Last night, as I entered the Family Circle seating area on the upper level of Heinz Hall, I looked down and noticed that the stage was setup somewhat differently. There were individual podiums placed strategically for the members of the Pittsburgh Symphony Orchestra. They were arranged so that as you moved outward in a semi-circle, the players were progressively higher. I thought it was a good idea, yet it’s difficult to say if it lent any audio quality to the performance. I suspect it’s more to do with the Orchestra Main Floor: when one sits down there it’s often hard to see the woodwind players and others that sit behind. In that respect I believe this is a great idea, I hope they continue with future performances.

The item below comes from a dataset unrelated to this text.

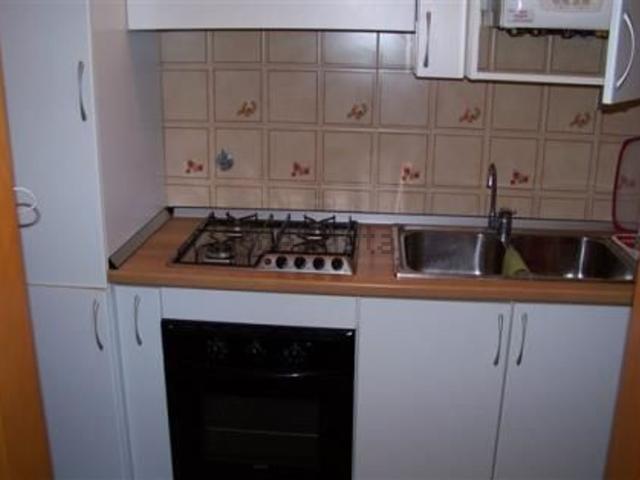 Appartamento in vendita di 70 m²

Johannes Moser was the featured cellist with the Dvorák Cello Concerto. What a grand concerto this is: beginning with the full force of the orchestra in typical Dvorák style. The first movement is built around four notes that seem fitting for the Cello: dah dit dit dah is the best that I can describe it with words, the notes are woven all throughout. Mr Moser doesn’t begin his solo part until about four minutes into the performance, and that’s the way I like it because that beginning part by the orchestra is pure symphonic Dvorák, and builds the anticipation for the soloist.
The orchestra really shined in the first movement, but in the second movement, it was Mr Moser all the way. The soft tones from the cello were really quite enjoyable to hear and to experience. A friend and his father attended with me, and one of them thought the cello didn’t project enough volume – perhaps the nature of this movement is indeed that way, but I could hear and delighted in the softness of the sound.

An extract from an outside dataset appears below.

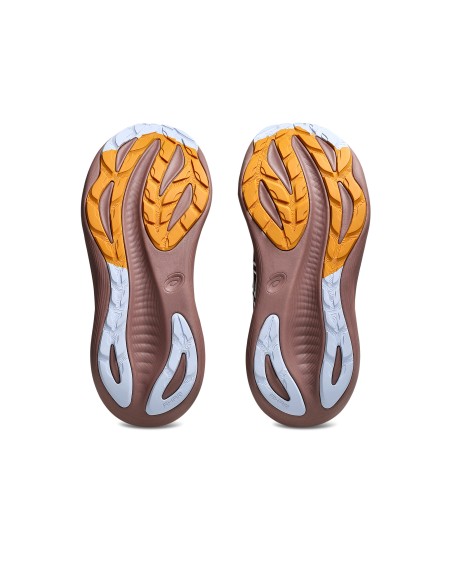 ASICS GelNimbus 27 TR 1012B908600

With the final movement, one reaction “my favorite movement by far. What genius it must have taken to have written this.” Another: “it didn’t seem as good as the first two movements.” I’m certain that everyone has their own reactions. Mine, I thought it was a very good movement, there were some symphonic flourishes and some multi-string playing by the soloist that were really interesting. All in all, I’d say this is a wonderful concerto.
If I back up just a bit, there were Viennese waltz and polka demonstrations (my video) provided by Arthur Murray Dance Studio in the Grand Lobby prior to the concert. Four couples volunteered, and were shown these dances by the two dancers as the rest of us looked on.
After intermission Manfred Honeck said: “Tonight it’s been like a Thanksgiving, first we had a hearty meal, and now its time for lots of desert!” Of course he was describing the Waltzes and polkas by the Strauss Family about to begin. Desert is my favorite part of the meal, and so too is the music that the PSO played so wonderfully, beginning with the Overture to Die Fledermaus, one of my favorites!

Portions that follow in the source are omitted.